Jason Heyward continued to rebound from a miserable 2016 campaign, launching a three-run homer and finishing the day 1-4 with four RBI. He's already amassed 16 RBI along with a .294/.342/.456 slash line, and his swing overhaul appears to be reaping rewards already. His underlying numbers don't actually indicate any type of change however, and even his hard contact rate is still below average just as it's been since 2012. The only discernible change to this point from the new swing is a career-high pull percentage, which sits at 47%, and that's more appraoch-based. That could lead to more power, but there's no other evidence to this point that Heyward has really turned a corner to regain his old form. In fact, his reach rate is actually up and his walk rate is down to just 5.5%. Being in such a strong lineup will continue to act as a buffer if/when the batting average comes down, but don't get overly excited about what he's done so far. His swing will remain a work in progress as the season wears on.
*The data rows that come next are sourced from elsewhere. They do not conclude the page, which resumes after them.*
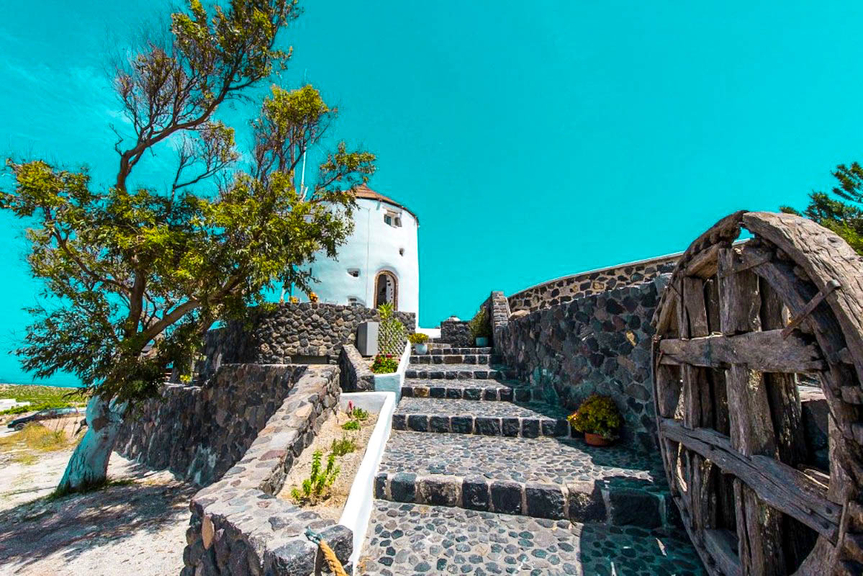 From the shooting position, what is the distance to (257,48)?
816 centimetres

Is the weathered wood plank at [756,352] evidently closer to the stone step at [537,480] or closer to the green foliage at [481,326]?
the stone step at [537,480]

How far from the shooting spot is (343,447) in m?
4.59

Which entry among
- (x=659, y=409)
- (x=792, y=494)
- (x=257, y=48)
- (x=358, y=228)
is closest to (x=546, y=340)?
A: (x=659, y=409)

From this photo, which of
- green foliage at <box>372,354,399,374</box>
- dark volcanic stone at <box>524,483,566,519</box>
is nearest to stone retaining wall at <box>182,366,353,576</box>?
dark volcanic stone at <box>524,483,566,519</box>

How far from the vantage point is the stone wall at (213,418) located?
7.29 m

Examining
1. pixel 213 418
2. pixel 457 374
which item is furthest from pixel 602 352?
pixel 213 418

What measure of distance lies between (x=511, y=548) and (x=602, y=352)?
117 inches

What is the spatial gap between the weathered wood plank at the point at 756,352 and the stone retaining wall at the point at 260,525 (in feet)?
9.34

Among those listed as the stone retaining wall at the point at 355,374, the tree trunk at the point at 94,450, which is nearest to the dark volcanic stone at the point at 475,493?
the stone retaining wall at the point at 355,374

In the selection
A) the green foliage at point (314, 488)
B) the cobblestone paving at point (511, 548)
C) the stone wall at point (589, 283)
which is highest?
the stone wall at point (589, 283)

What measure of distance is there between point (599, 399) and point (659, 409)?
54.0 inches

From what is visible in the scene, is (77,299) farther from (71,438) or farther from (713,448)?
(71,438)

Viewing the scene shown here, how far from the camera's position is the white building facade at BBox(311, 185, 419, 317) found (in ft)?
59.2

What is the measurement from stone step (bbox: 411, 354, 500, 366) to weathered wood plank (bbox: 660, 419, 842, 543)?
6704 millimetres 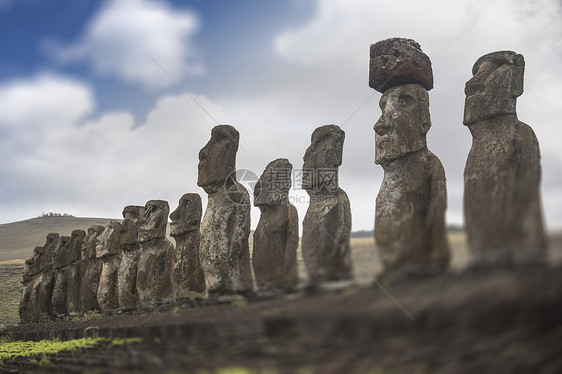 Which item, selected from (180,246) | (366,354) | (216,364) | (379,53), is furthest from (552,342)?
(180,246)

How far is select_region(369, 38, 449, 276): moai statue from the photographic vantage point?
703 cm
Hernan Perez had a fine fantasy night, going 2-4 with two runs, four RBI, and a steal. Perez will often draw the start against a left-handed pitcher, as he did here against Reds southpaw Amir Garrett. He struggles against righties though, and that limits his upside dramatically. He's also a man without an every day position, making him unworthy of a roster spot in standard mixed leagues. His current double-digit walk rate, which is more than twice as high as his career mark, is also a mirage. His swing rate and chase rate are just as high as ever, as is his 13% swinging strike rate and 74% contact rate. He's got plenty of speed, but it's going to be very hard to utilize it unless you're in a deep league with daily roster moves. Ideally, he's best left for DFS play.
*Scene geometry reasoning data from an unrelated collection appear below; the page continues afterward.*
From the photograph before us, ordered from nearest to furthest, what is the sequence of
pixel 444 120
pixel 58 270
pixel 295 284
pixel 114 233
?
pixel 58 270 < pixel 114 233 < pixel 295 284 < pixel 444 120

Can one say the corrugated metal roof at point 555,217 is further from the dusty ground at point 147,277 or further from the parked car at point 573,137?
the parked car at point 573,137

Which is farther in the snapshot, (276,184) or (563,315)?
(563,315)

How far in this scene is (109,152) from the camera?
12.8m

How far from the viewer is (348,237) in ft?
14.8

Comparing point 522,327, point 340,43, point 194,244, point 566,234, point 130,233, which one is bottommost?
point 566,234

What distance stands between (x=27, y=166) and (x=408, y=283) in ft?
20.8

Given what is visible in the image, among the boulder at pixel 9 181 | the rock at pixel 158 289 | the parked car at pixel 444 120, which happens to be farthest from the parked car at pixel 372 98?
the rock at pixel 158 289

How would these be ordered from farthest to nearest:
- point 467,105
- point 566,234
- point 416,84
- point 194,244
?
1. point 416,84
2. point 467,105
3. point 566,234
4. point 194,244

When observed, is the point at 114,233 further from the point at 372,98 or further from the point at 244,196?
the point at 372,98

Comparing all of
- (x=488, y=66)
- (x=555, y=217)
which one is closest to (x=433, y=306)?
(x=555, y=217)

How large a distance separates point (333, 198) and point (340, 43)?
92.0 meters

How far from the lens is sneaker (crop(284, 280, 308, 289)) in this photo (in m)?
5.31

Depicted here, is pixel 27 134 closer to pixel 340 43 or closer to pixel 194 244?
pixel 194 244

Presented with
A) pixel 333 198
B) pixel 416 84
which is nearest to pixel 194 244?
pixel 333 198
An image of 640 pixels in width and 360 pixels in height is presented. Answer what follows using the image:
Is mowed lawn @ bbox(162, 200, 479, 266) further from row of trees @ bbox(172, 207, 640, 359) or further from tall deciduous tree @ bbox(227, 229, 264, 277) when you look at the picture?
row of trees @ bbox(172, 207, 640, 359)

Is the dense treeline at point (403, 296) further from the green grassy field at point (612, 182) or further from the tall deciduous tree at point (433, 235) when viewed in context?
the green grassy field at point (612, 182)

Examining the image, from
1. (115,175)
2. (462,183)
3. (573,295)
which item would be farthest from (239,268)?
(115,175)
Tyler Anderson was knocked around yet again, this time by the Bryce Harper-less Nationals in Coors Field. His final line for the night was 5.2 IP, 6 H, 4 ER, 1 BB, 5 K. Pitching in Coors is hard for everyone, so with any luck you had him benched for this start, and especially against a potent Nationals lineup. Now saddled with a 7.11 ERA over his first 25.1 innings (5 starts), Anderson is looking like a shadow of his former self. He still maintains solid strikeout and walk rates (22:8), but has been far less adept at getting the ground ball this year. His GB% sits at 39%, whereas in 2016 it was a very nice 51%. That helped him limit the home runs (0.94 HR/9), but this year he's already allowed six homers in his five starts for a rate of 2.13 HR/9. It would be wise to keep him on the bench in all formats (a safe drops in most mixed leagues) until he can regain the groundball success he enjoyed off both his fastball and slider a year ago. He's got another brutal matchup to avoid in his second start of the week as he heads to Arizona to face the Diamondbacks.
Ryan Zimmerman banged his seventh homer of the year, the two-run blast going as his only hit of the night. The early .385/.437/.800 slash line is quite the surprise following his .218/.272/.370 line from 2016 spanning 467 plate appearances. His hard contact rate was still good last year at 35%, but he devolved into a ground ball machine, at 49%. He's got his LD% back up to 24% though, and with 40% fly balls he's found his power stroke once more. It seems like only a matter of time before he's injured again, which has been the tale of his latter career, but until that happens he should be owned and started in all but the shallowest of mixed leagues.
Zack Greinke squeezed as much juice as he could out of another nice matchup with the Padres, yielding just one run over six innings with no walks and 11 strikeouts. He lowered his ERA to 2.93 in April, and his FIP (2.55) and xFIP (3.17) agree that it's no fluke. His 8.48 K/9 and 1.88 BB/9 are reminiscent of his 2014-15 seasons that were Cy Young caliber, so those that gambled on Greinke have to be pleased so far. However, it also helps that his start before this one was also against this same hapless Padres offense, and that goes a long way towards padding your numbers. It's worth noting that he's still dealing with diminished velocity from last year, but as a crafty veteran with plus command that should be an issue he can deal with. Things should continue to trend upwards for him when Arizona puts in their Humidor in a month or so. Homers have diminished from Coors by around 25% with the use of a Humidor, so this is exciting news for every D'Backs pitcher. He'll have to get by without its benefit for now though, and he'll face a much tougher offense in his next start, at home against the Rockies.